*Dataset extract*:

>>>>

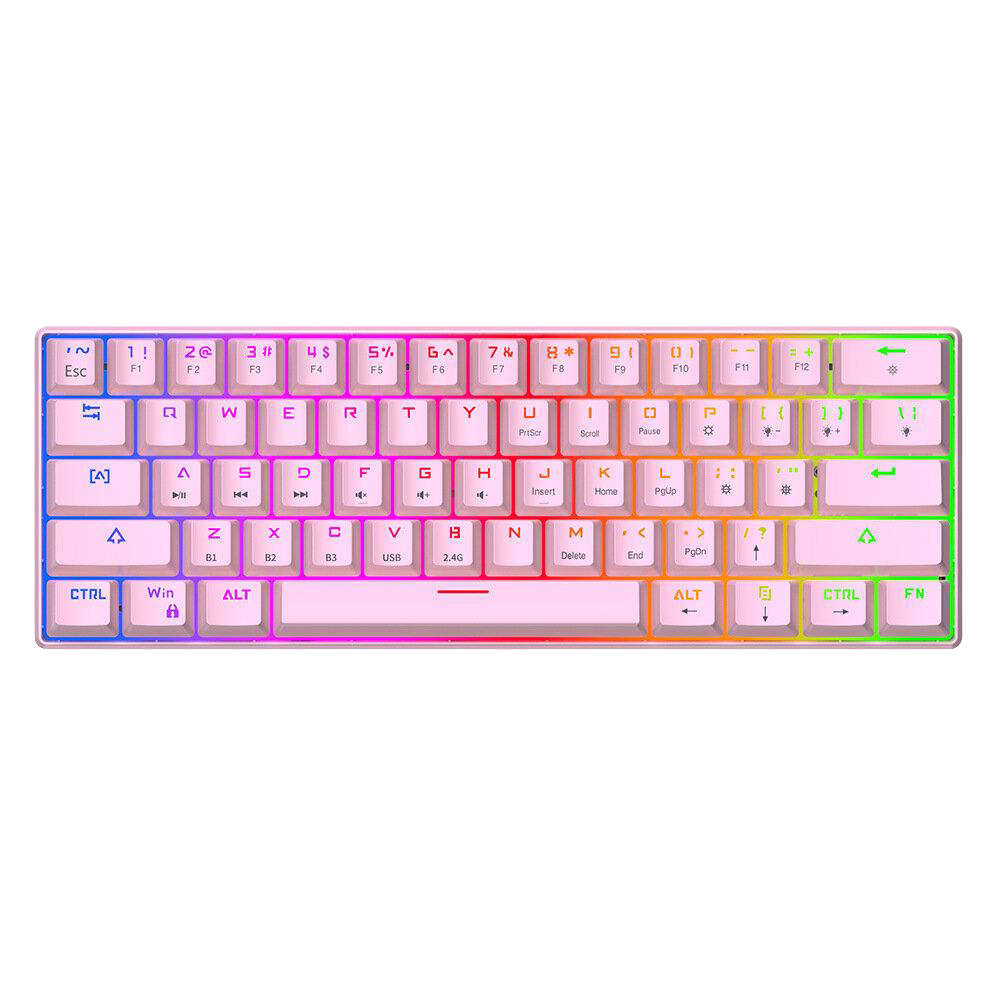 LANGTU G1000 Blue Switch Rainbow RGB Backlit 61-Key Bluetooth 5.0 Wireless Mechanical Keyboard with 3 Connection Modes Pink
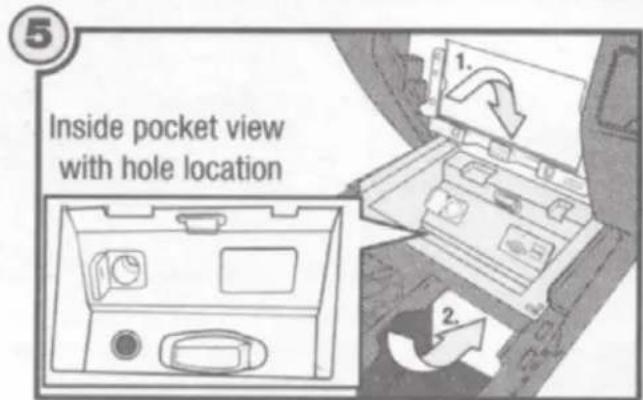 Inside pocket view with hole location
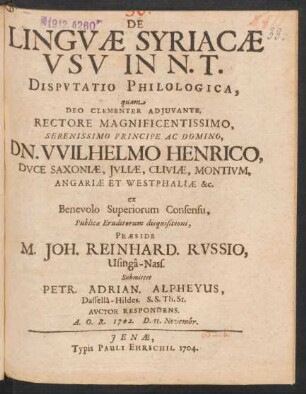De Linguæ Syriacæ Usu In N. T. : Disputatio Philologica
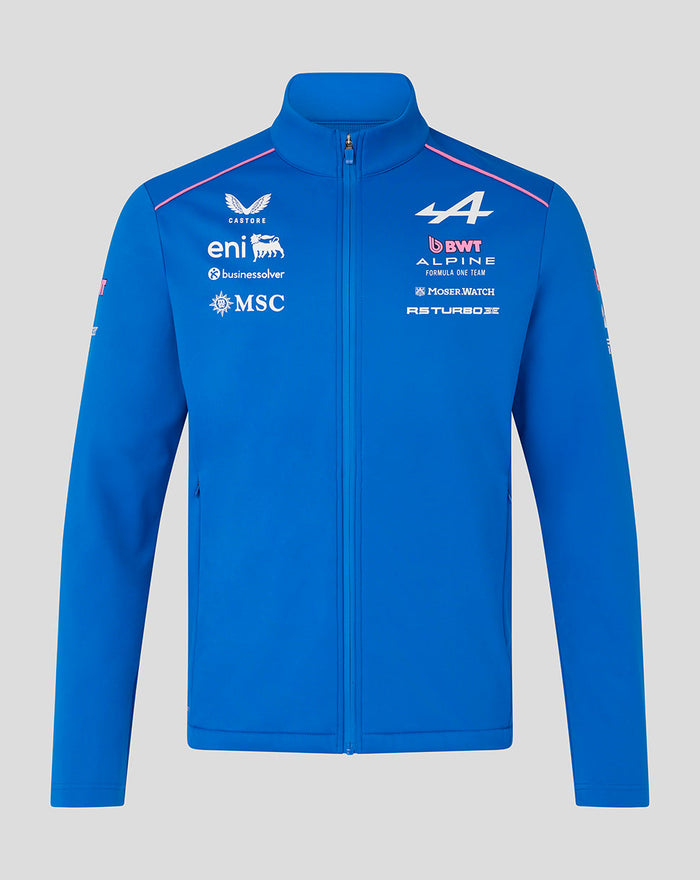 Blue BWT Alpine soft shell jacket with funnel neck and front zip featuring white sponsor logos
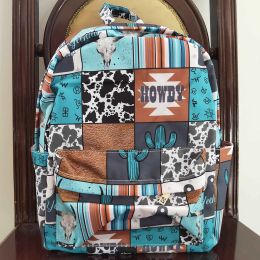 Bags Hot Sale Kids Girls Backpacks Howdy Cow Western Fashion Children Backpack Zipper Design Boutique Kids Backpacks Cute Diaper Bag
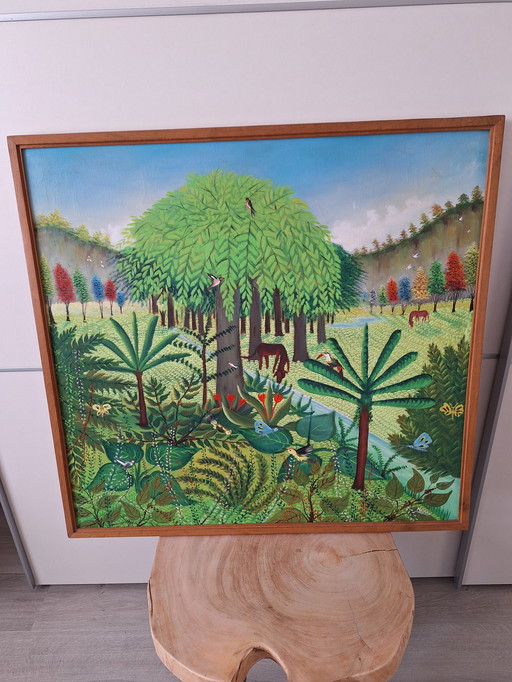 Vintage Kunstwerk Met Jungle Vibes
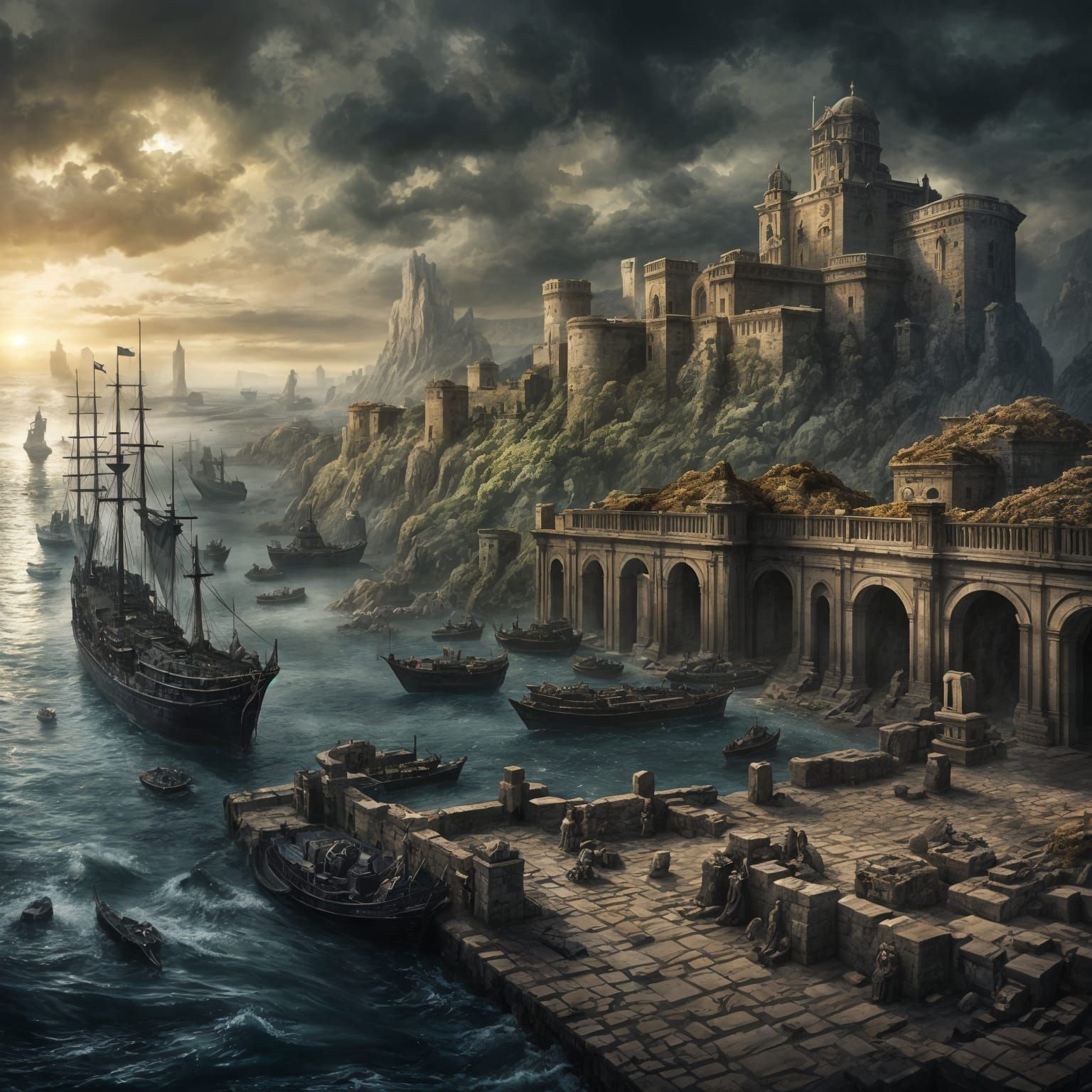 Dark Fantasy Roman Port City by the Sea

<<<<
>>>>

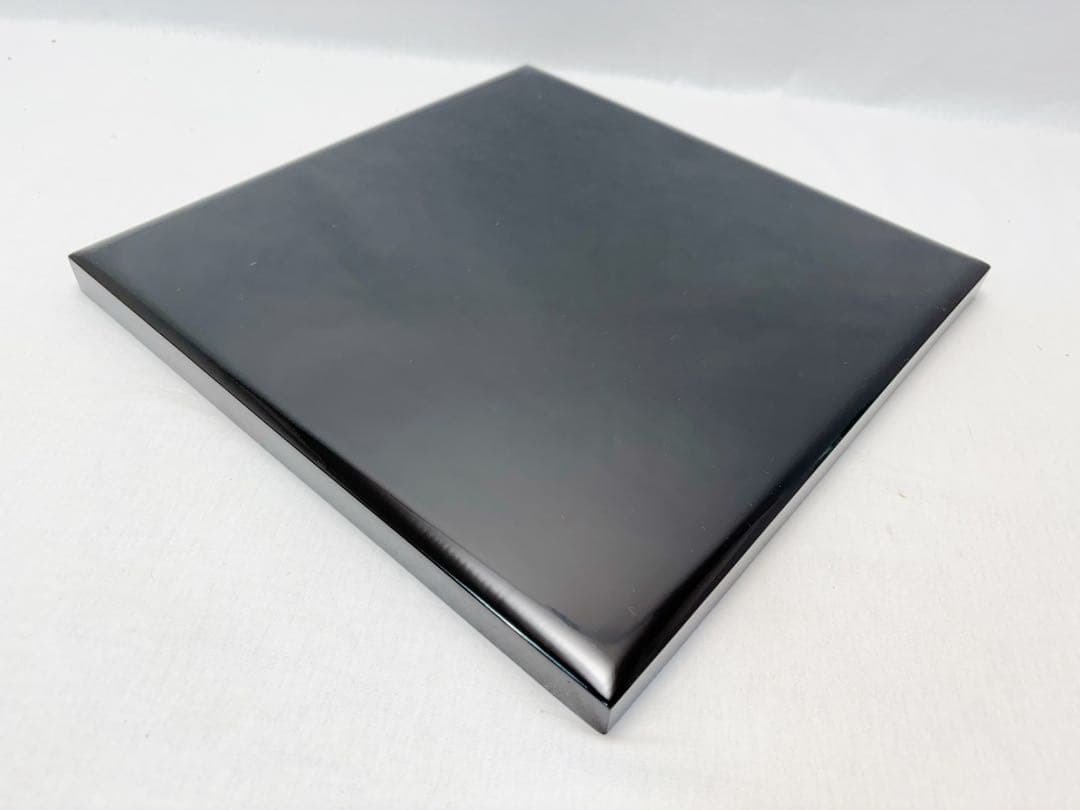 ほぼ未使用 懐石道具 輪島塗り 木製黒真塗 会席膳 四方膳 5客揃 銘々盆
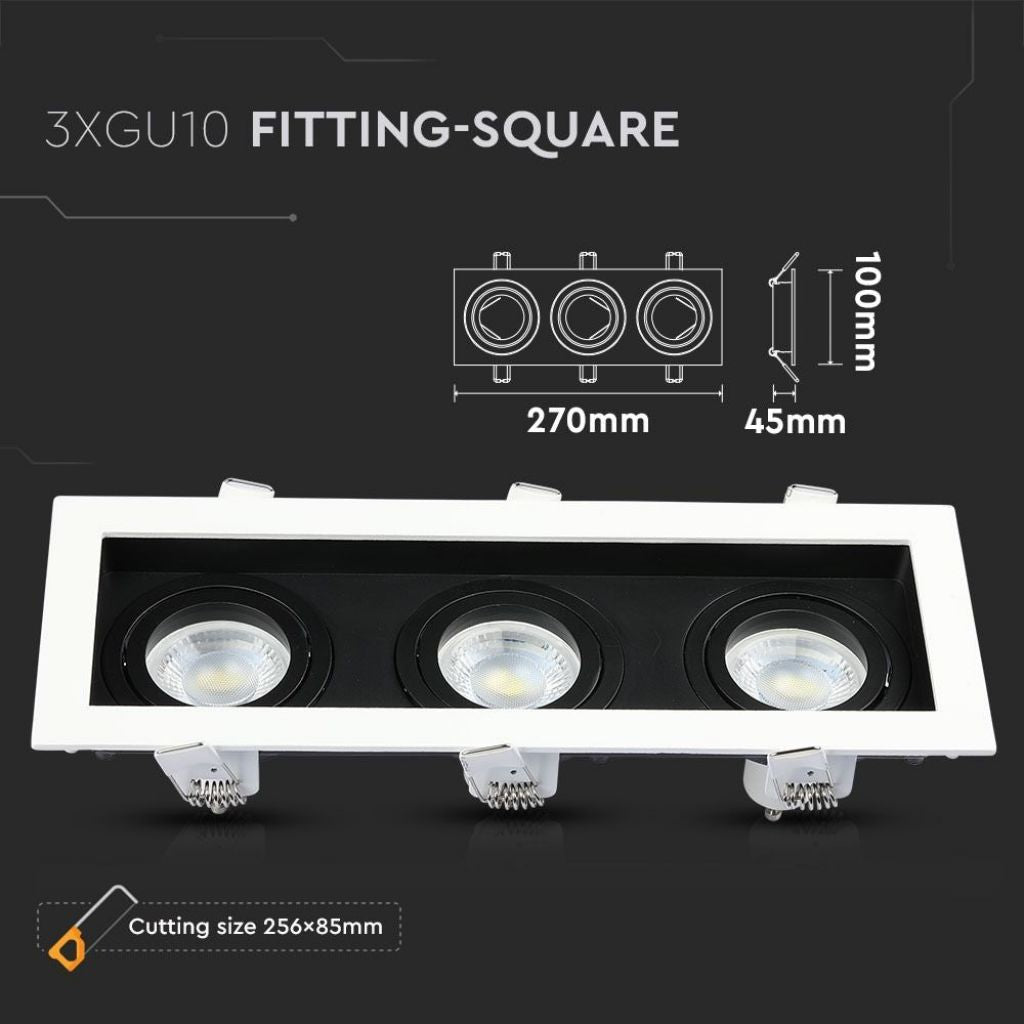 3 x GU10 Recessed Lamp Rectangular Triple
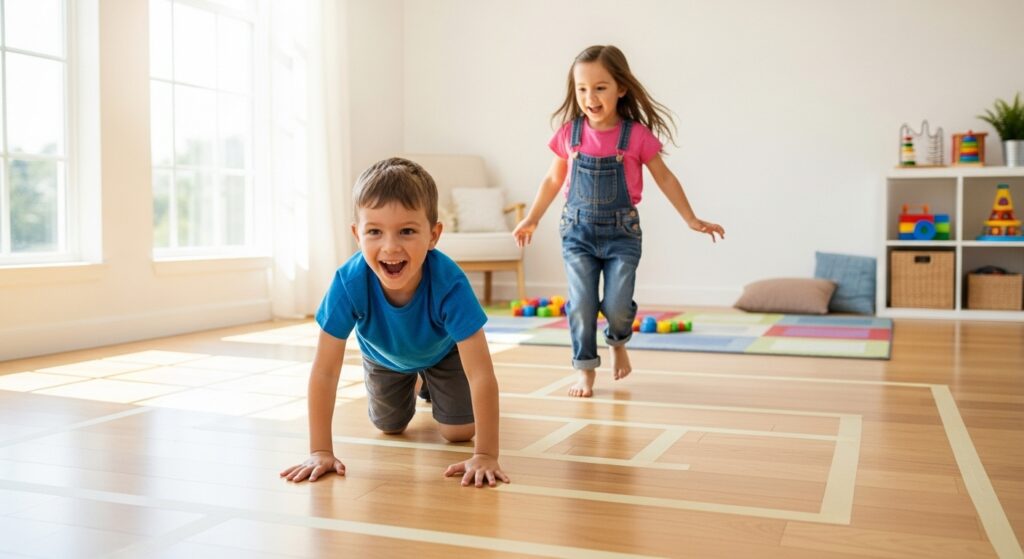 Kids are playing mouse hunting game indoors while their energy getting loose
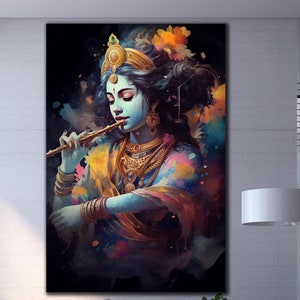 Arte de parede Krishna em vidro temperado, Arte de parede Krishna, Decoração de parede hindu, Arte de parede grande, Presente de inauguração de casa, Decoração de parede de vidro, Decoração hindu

<<<<
>>>>

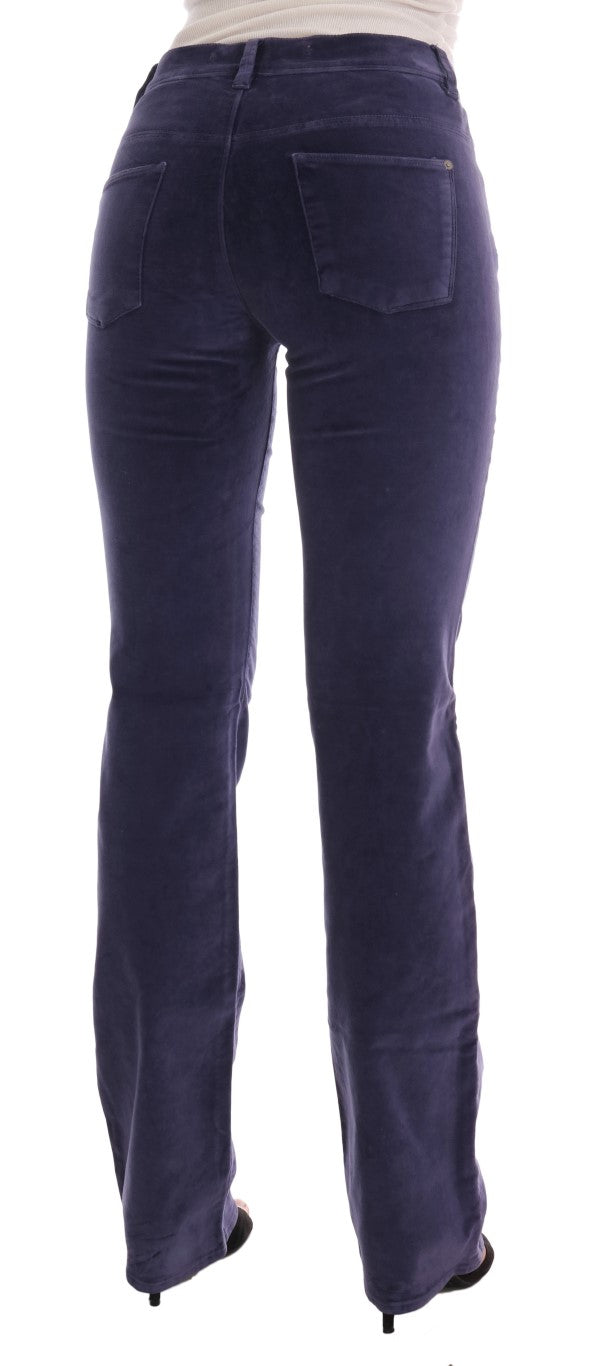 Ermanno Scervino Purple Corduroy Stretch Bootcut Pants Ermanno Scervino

<<<<

*Problem*: In the data above, retype only the stretch from the line with "ほぼ未使用 懐石道具 輪島塗り 木製黒真塗 会席膳 四方膳 5客揃 銘々盆" through the line with "Arte de parede Krishna em", word for word, and skip any pictures.

*Written reply*:
 ほぼ未使用 懐石道具 輪島塗り 木製黒真塗 会席膳 四方膳 5客揃 銘々盆
 3 x GU10 Recessed Lamp Rectangular Triple
 Kids are playing mouse hunting game indoors while their energy getting loose
 Arte de parede Krishna em vidro temperado, Arte de parede Krishna, Decoração de parede hindu, Arte de parede grande, Presente de inauguração de casa, Decoração de parede de vidro, Decoração hindu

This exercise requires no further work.